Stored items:
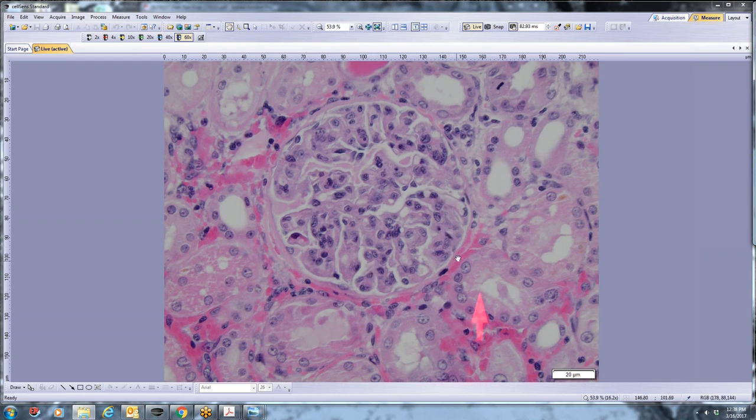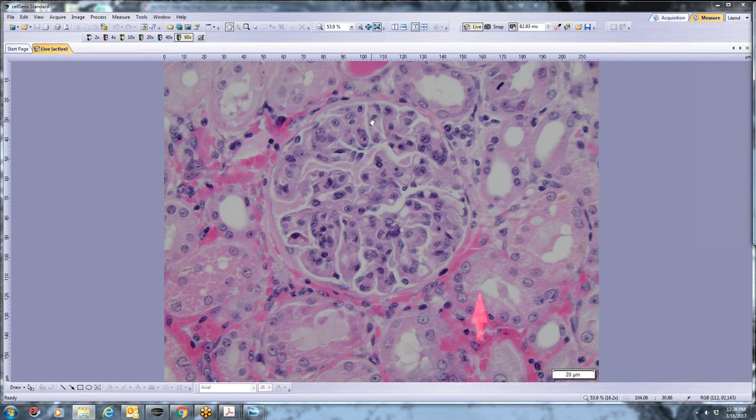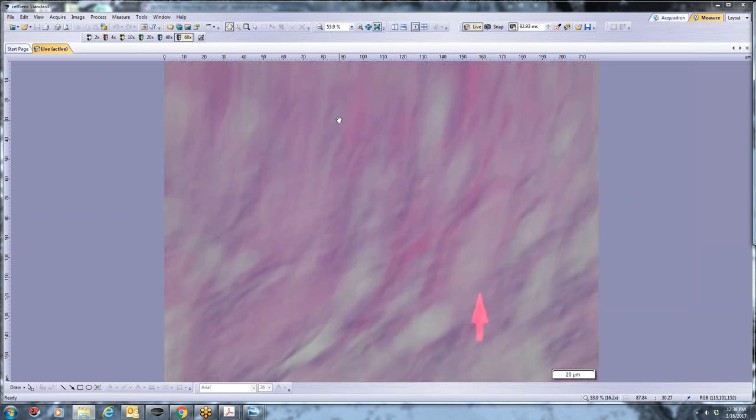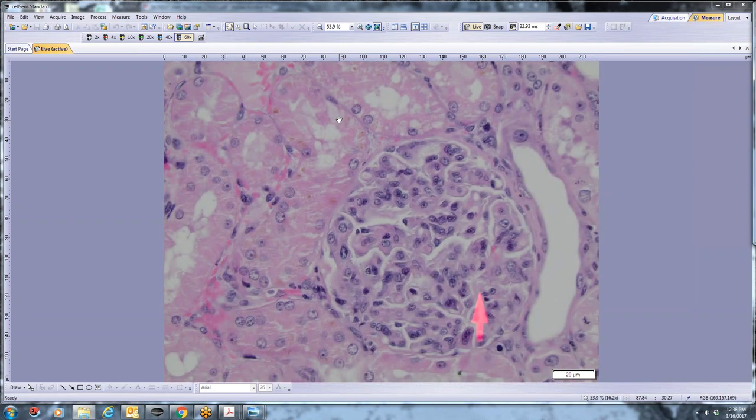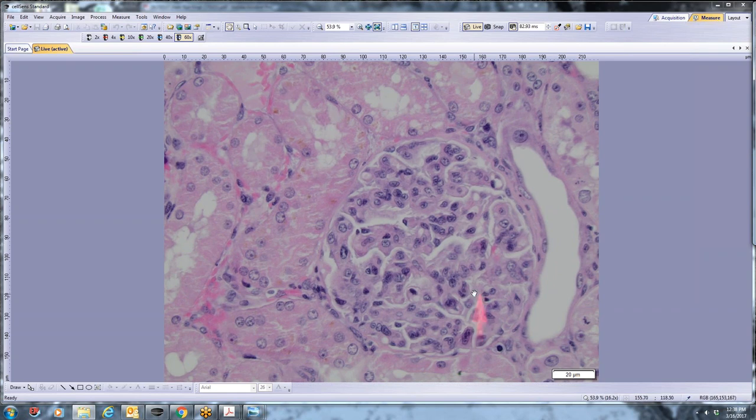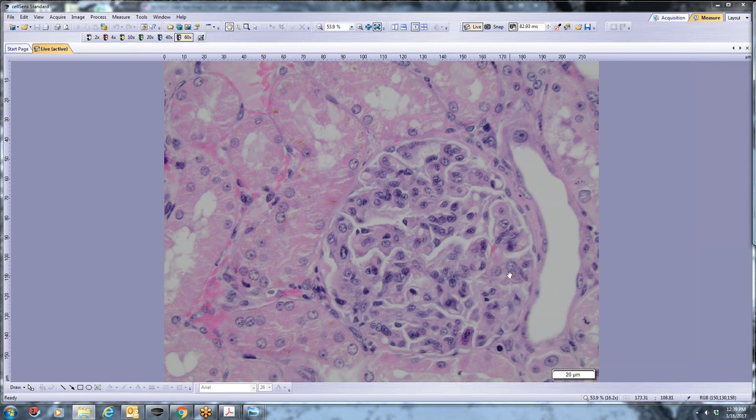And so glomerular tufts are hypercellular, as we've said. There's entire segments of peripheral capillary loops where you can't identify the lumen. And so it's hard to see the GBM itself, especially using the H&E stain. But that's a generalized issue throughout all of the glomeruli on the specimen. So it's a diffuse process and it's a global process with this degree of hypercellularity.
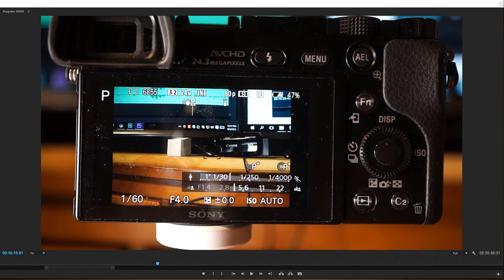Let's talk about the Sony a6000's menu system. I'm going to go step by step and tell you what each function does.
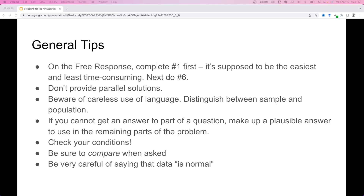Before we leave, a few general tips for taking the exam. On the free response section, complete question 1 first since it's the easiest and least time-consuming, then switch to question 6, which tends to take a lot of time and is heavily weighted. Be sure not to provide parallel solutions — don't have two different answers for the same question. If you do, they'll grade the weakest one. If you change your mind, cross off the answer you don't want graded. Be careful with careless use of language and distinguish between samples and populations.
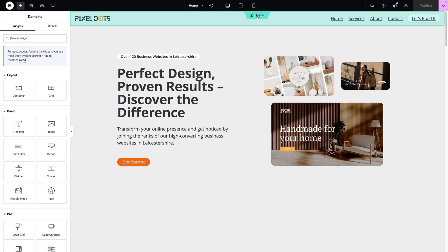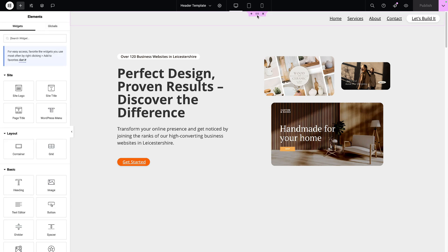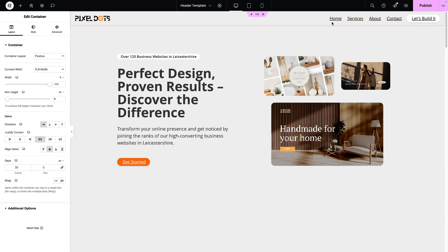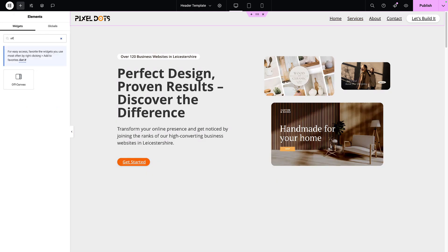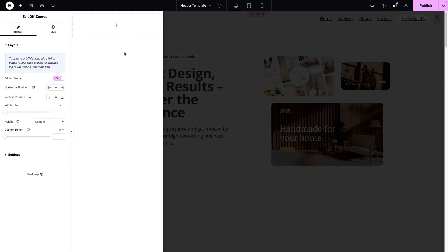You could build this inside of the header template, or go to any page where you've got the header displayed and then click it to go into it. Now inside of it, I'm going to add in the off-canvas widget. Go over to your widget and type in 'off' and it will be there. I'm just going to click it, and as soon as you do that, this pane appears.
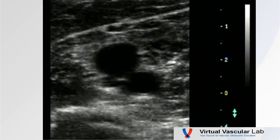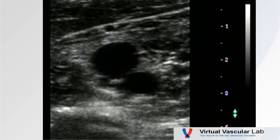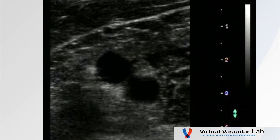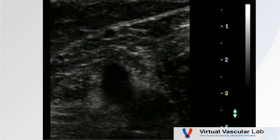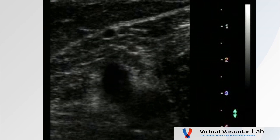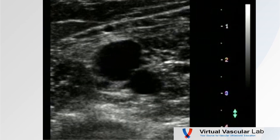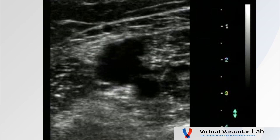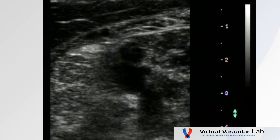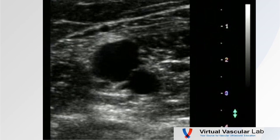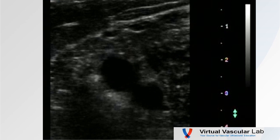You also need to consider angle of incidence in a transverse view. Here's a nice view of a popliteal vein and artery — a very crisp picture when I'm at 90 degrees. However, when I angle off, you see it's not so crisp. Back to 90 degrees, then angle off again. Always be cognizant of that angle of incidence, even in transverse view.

---

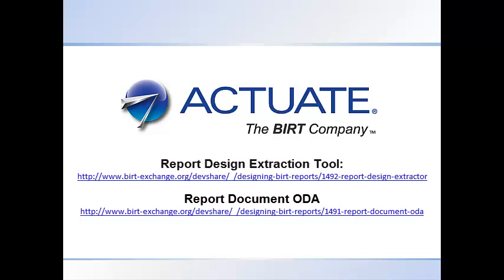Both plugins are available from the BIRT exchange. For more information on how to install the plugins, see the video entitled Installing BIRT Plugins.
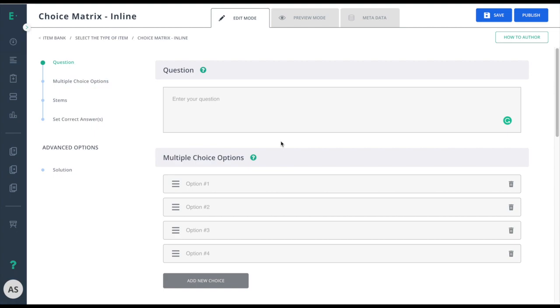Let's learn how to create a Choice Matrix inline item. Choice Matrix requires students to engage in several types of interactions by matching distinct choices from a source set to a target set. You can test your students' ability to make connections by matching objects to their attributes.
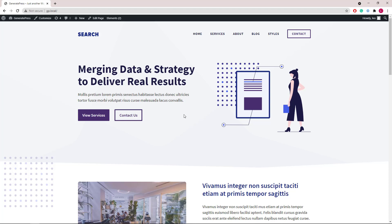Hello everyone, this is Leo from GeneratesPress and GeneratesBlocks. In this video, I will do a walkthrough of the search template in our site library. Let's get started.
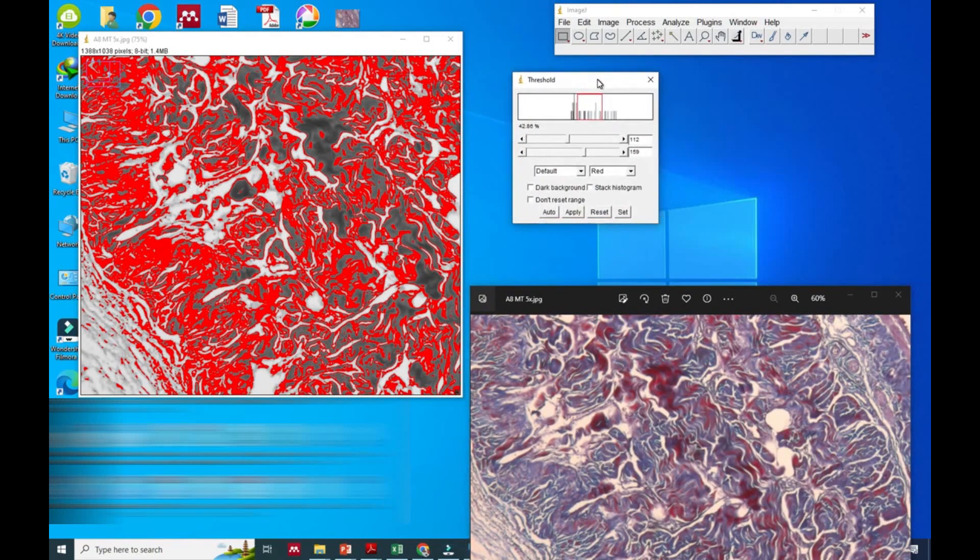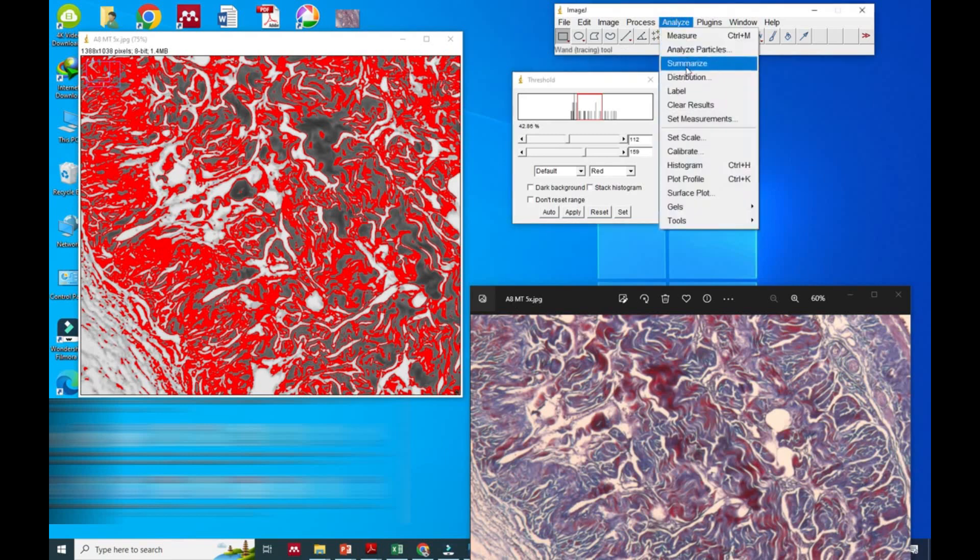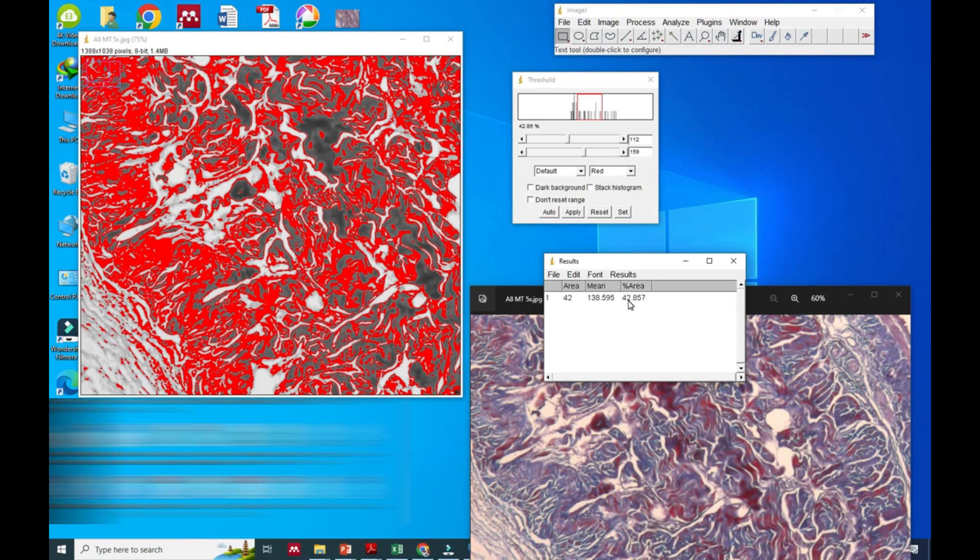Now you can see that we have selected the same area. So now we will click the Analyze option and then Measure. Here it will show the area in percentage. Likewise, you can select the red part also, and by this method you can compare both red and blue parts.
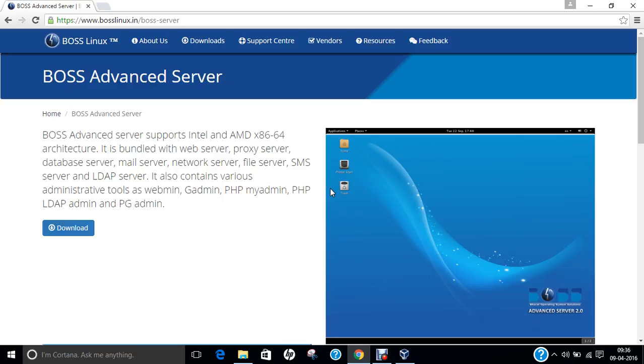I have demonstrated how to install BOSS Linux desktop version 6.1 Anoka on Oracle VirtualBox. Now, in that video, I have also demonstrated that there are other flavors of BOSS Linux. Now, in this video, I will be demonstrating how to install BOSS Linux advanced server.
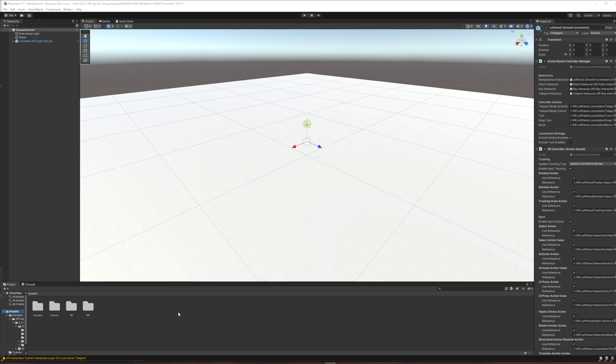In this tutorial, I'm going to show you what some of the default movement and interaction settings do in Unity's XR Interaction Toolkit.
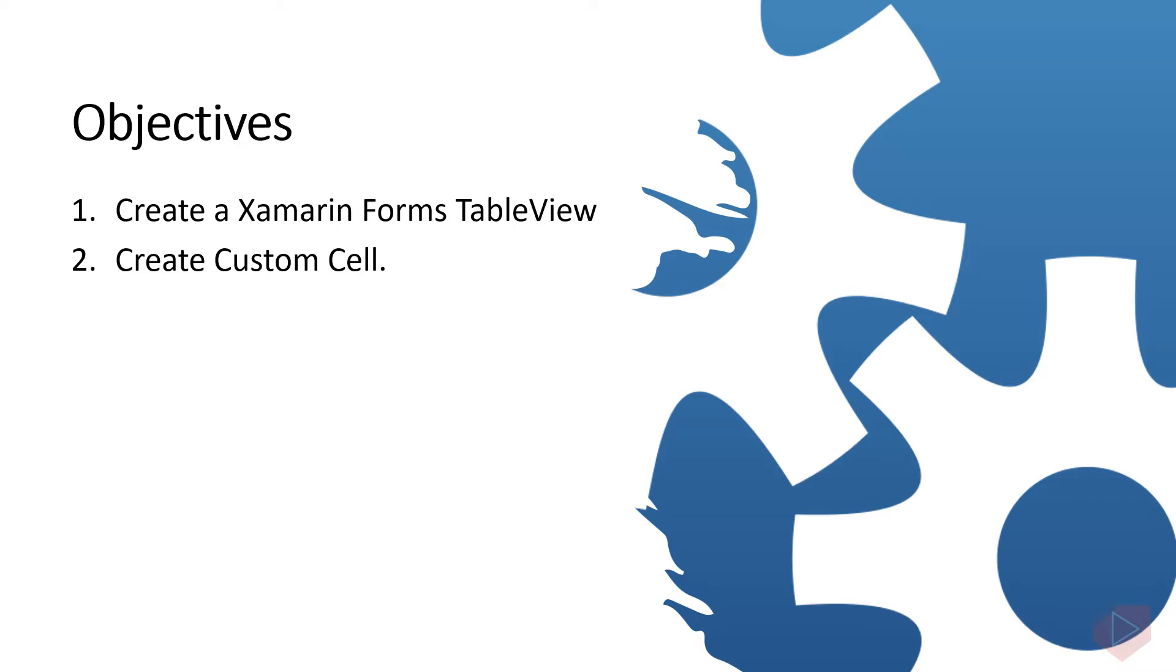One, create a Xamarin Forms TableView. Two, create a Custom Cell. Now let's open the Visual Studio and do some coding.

Task statement: Word for word, write out the lines above running from the one with "Let's talk about" up to and including the one with "You also need". Drop any picture.

Solution for this task:
Let's talk about the Sony a6000's menu system. I'm going to go step by step and tell you what each function does.
Before we leave, a few general tips for taking the exam. On the free response section, complete question 1 first since it's the easiest and least time-consuming, then switch to question 6, which tends to take a lot of time and is heavily weighted. Be sure not to provide parallel solutions — don't have two different answers for the same question. If you do, they'll grade the weakest one. If you change your mind, cross off the answer you don't want graded. Be careful with careless use of language and distinguish between samples and populations.
You could build this inside of the header template, or go to any page where you've got the header displayed and then click it to go into it. Now inside of it, I'm going to add in the off-canvas widget. Go over to your widget and type in 'off' and it will be there. I'm just going to click it, and as soon as you do that, this pane appears.
You also need to consider angle of incidence in a transverse view. Here's a nice view of a popliteal vein and artery — a very crisp picture when I'm at 90 degrees. However, when I angle off, you see it's not so crisp. Back to 90 degrees, then angle off again. Always be cognizant of that angle of incidence, even in transverse view.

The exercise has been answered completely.